WORKING DATA:
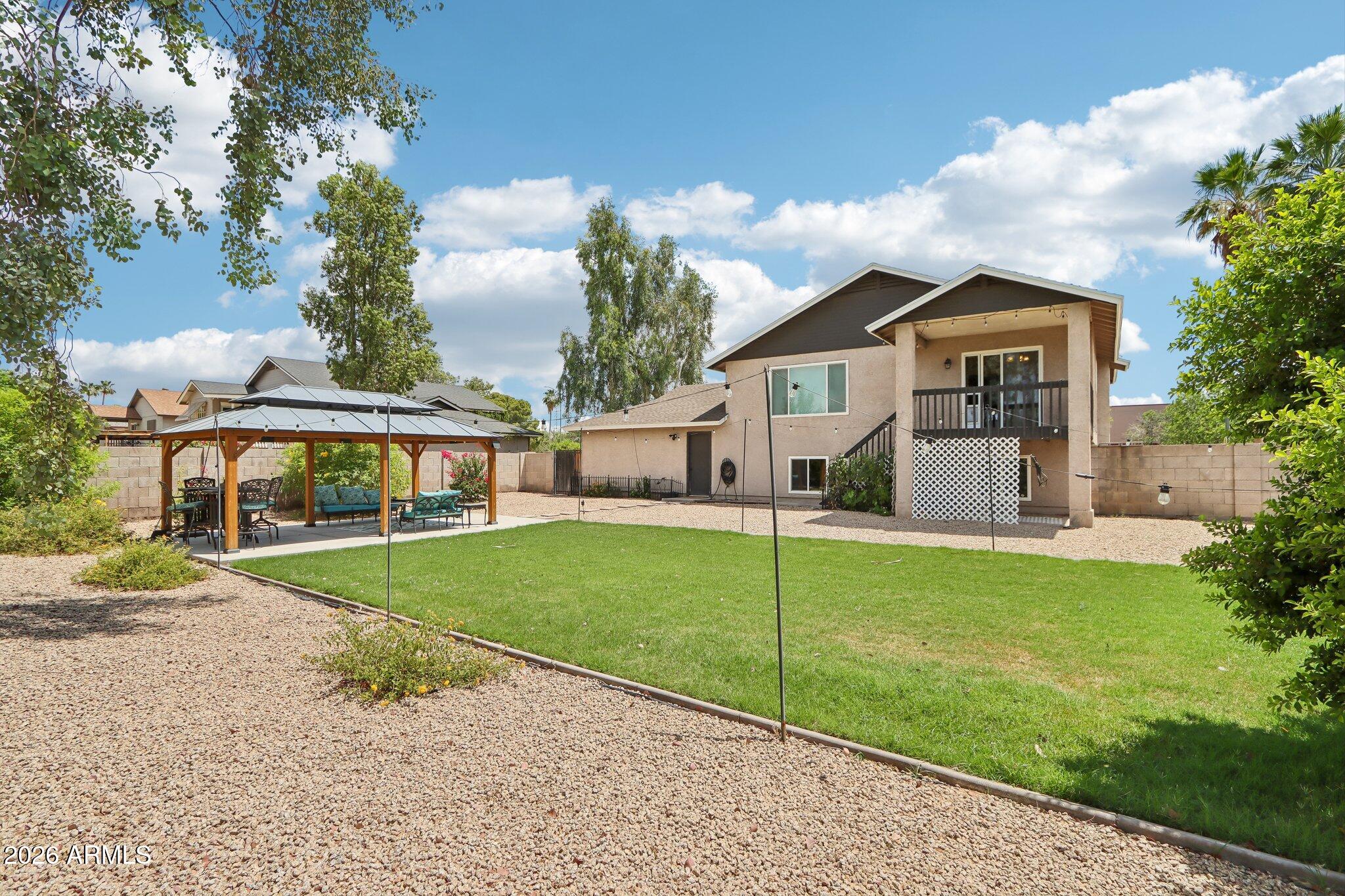 3824 E PUEBLO Avenue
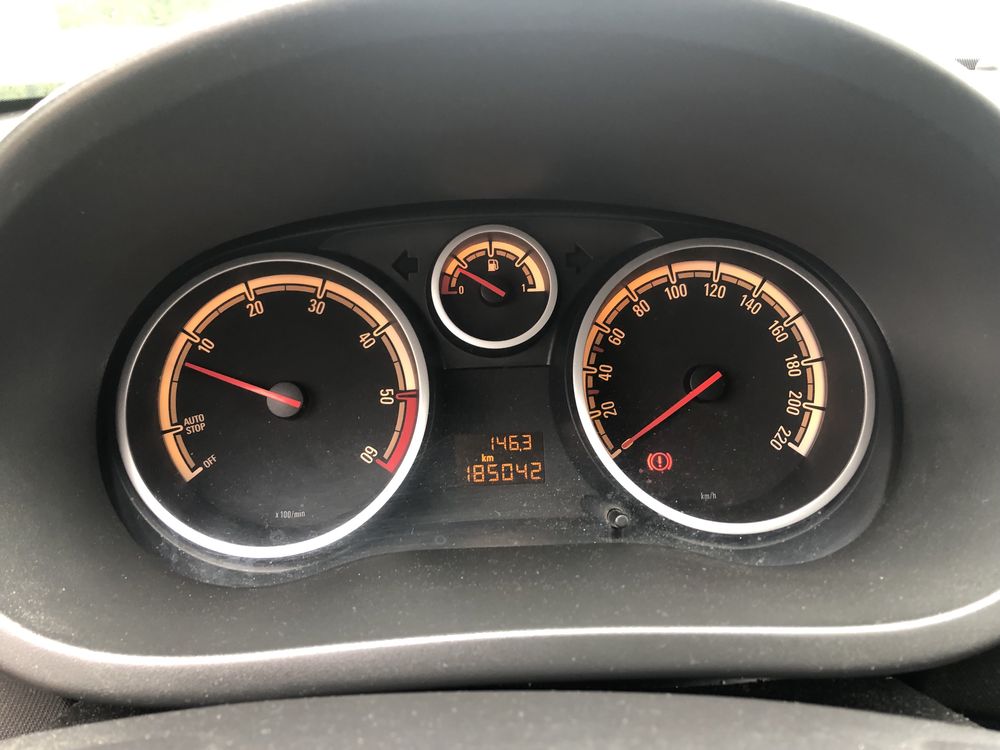 Opel corsa 1.3 cdti 185.000 km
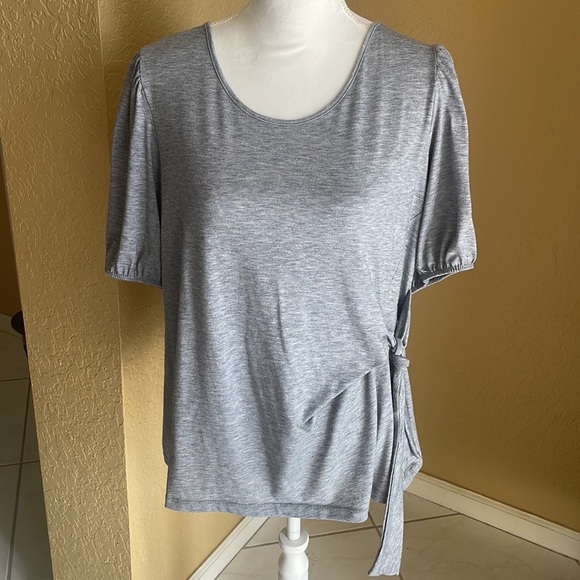 Parallel skies Gray Tie Top - Picture 6 of 10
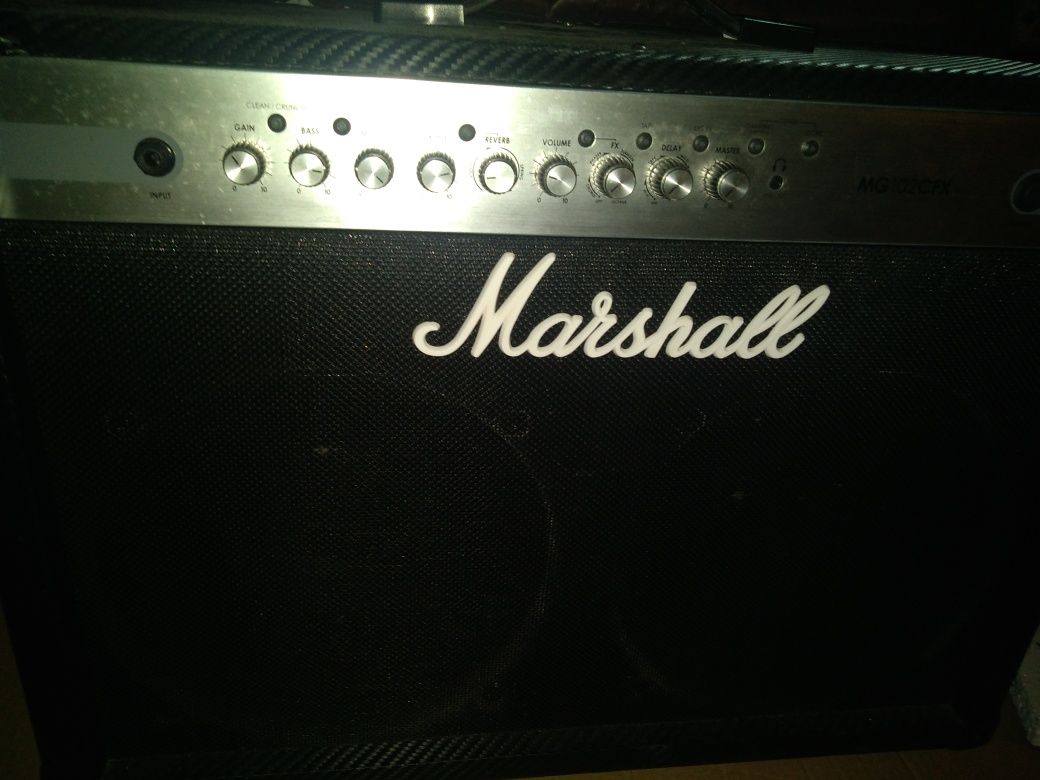 Wzmacniacz gitarowy Marshall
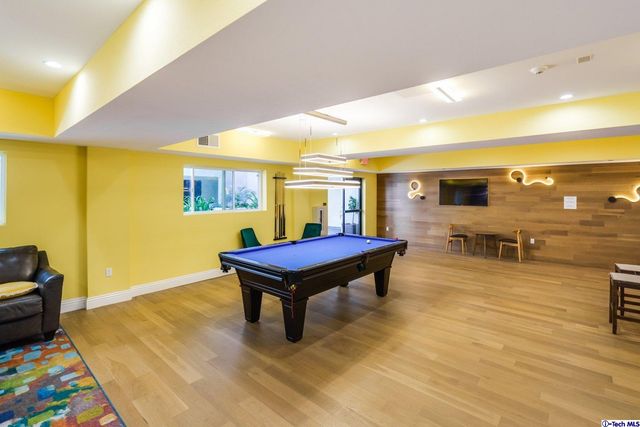 $739,000 | 2939 Leeward Avenue, Unit 215, Los Angeles, CA 90005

ASSIGNED TASK: Leaving out the images, return the entries above exactly as they read.

WORKED SOLUTION:
 3824 E PUEBLO Avenue
 Opel corsa 1.3 cdti 185.000 km
 Parallel skies Gray Tie Top - Picture 6 of 10
 Wzmacniacz gitarowy Marshall
 $739,000 | 2939 Leeward Avenue, Unit 215, Los Angeles, CA 90005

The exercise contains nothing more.